On 18th March 1719, Emperor Charles VI established the Free Port of Trieste, a “licence” that changed not only the course of the city’s history but also that of the Hapsburg Empire first and later of the European markets. In these past three centuries, the Julian port has played a central role in trade relations between the Old Continent and the East: we need only consider, for example, the expansion of trade brought about by the opening of the Suez Canal.
Such a long and dense stretch of history deserves to be investigated and recounted.
This anniversary can and should be taken as an opportunity to reflect on the peculiarities and the identity of the port and of the city itself, of which the port is a part and for which it has always constituted the major economic driver.
The foundation of the free port of Trieste in the 18th century resulted from the decision of Charles VI and Maria Theresa to designate Trieste as “the” port of the Empire, a port that was to attract to the city the most diverse and qualified economic enterprises. Among them, we can recall some of the major insurance companies in the history of Italy and Europe, and the leading shipbuilding company in the cruise ship industry worldwide.

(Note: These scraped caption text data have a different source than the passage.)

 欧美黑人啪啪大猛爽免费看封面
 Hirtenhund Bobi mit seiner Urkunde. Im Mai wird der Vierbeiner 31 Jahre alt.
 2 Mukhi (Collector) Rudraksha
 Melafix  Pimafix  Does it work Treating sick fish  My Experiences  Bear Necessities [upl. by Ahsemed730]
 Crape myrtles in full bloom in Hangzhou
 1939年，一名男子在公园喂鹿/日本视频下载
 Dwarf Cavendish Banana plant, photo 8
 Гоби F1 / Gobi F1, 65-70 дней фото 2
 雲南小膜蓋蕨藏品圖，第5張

Equally important, we should recall that the presence of the port spurred the development of specific activities like coffee imports/exports and industrial coffee processing.

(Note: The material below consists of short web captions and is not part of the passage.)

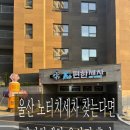 더편한 | 울산노터치세차 찾는다면 만두마마가 반한 더편한세차 후기
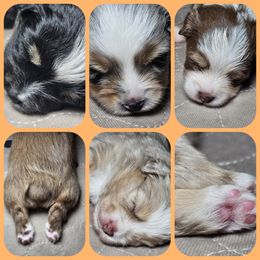 Toy Australian Shepherd Puppies from Reflections of Star Crest Kennel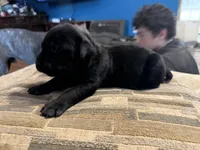 Male 4, a male Cane Corso for sale in Somerset, KY – Photo 2 of 5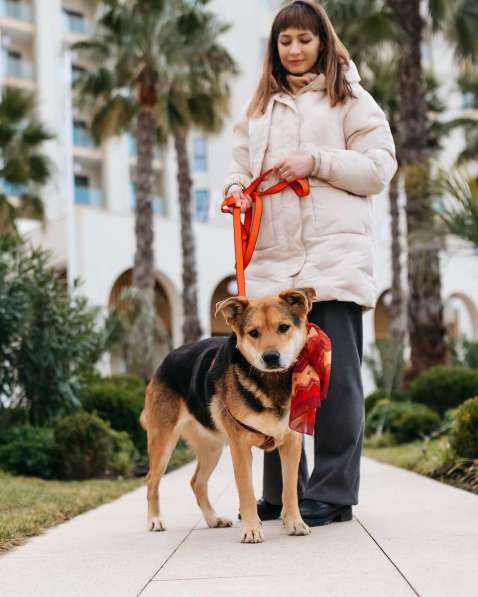 Толстушка ждёт родителей! в Москве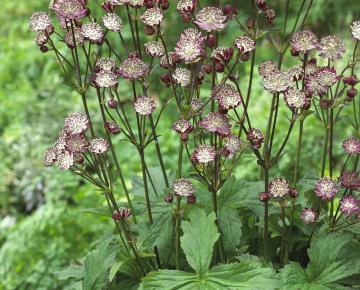 Astrantia major 'Star of Passion'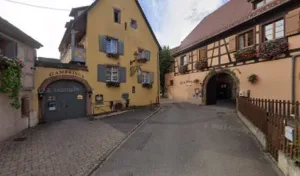 Biotop résolution à Beblenheim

Everything in Trieste talks about the sea and the port.
Rereading its history and starting from the material and non-material assets we have inherited, the port of Trieste is experiencing an extraordinary revival, taking on a central role both nationally (first Italian port for railway traffic and transport) and internationally (reference node in Europe for the New Silk Road). Hence its renewed legal status of Free Port. Hence the upgrading of the infrastructural network largely planned and realised during the Hapsburg Empire: a point of strength that is absolutely unique to Trieste are its multiple rail tracks that are widely present on every quay and within the intermodal terminal area. A railway infrastructure that has direct daily connections with all the major European destinations.
An international port, a gateway connecting Europe and the Far East.
The modernity of the economic-political design conceived three centuries ago means that, more than an abstract tribute to yesterday’s port and the past, this is a reflection that also applies to the port of today and tomorrow and to the strategies being implemented for its further development.